Worked example — a 3×3 SPD matrix

Factor

A = [  4   2   2 ]
    [  2   5   3 ]
    [  2   3   6 ]

Column 1.

L₁₁ = sqrt(A₁₁) = sqrt(4) = 2
L₂₁ = A₂₁ / L₁₁ = 2/2 = 1
L₃₁ = A₃₁ / L₁₁ = 2/2 = 1

Column 2.

L₂₂ = sqrt(A₂₂ − L₂₁²) = sqrt(5 − 1) = sqrt(4) = 2
L₃₂ = (A₃₂ − L₃₁ · L₂₁) / L₂₂ = (3 − 1·1)/2 = 1

Column 3.

L₃₃ = sqrt(A₃₃ − L₃₁² − L₃₂²) = sqrt(6 − 1 − 1) = sqrt(4) = 2

Final factor:

L = [ 2   0   0 ]
    [ 1   2   0 ]
    [ 1   1   2 ]

Verify by multiplying out LLᵀ:

LLᵀ = [ 2   0   0 ] [ 2  1  1 ]   [ 4   2   2 ]
      [ 1   2   0 ] [ 0  2  1 ] = [ 2   5   3 ]   ✓
      [ 1   1   2 ] [ 0  0  2 ]   [ 2   3   6 ]

Variants

LDLᵀ (square-root-free Cholesky). Write A = LDLᵀ where L is unit lower triangular (1s on the diagonal) and D is diagonal. Avoids the n square roots, which is faster on hardware where sqrt is slow and also works for symmetric indefinite matrices (with Bunch–Kaufman pivoting). This is what LAPACK's sytrf implements.
Pivoted Cholesky. P^TAP = LL^T with diagonal pivoting (swap the largest diagonal entry to the top at each step). Produces a rank-revealing factorisation for positive-semidefinite or near-singular matrices; LAPACK's pstrf does this.
Modified Cholesky (Gill–Murray–Wright). When A is not quite positive definite (e.g. a Hessian during nonlinear optimisation), perturb diagonal entries on the fly so the factorisation always succeeds. The output is L for a nearby SPD matrix A + E, with E as small as possible.
Sparse Cholesky. For graph Laplacians and finite-element matrices, the sparsity of L depends on the elimination order. Libraries (CHOLMOD, SuiteSparse) reorder rows/columns first (AMD, METIS) to minimise fill-in.
Block Cholesky. Partition A into 2 × 2 blocks; apply Cholesky to the top-left block, update the rest with the Schur complement, and recurse. Maps perfectly onto GPU matrix-matrix multiply kernels.

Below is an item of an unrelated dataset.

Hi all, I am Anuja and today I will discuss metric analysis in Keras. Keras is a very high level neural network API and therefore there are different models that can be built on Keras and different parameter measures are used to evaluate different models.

Algorithm — Cholesky in place

function cholesky(A):
    n = number of rows of A
    // L overwrites lower triangle of A in place
    for j in 0 .. n-1:
        // Diagonal entry
        s = A[j][j]
        for k in 0 .. j-1:
            s -= A[j][k] * A[j][k]
        if s <= 0: error "matrix not positive definite"
        A[j][j] = sqrt(s)

        // Off-diagonal entries in column j
        for i in j+1 .. n-1:
            s = A[i][j]
            for k in 0 .. j-1:
                s -= A[i][k] * A[j][k]
            A[i][j] = s / A[j][j]
    return A   // lower triangle holds L

Flop count: n³/3 (vs LU's 2n³/3) plus n square roots. For an n = 1000 SPD system the factorisation takes ≈ 0.33 GFLOP — running in milliseconds on a modern CPU. Once factored, every Ax = b solve costs only 2n² flops.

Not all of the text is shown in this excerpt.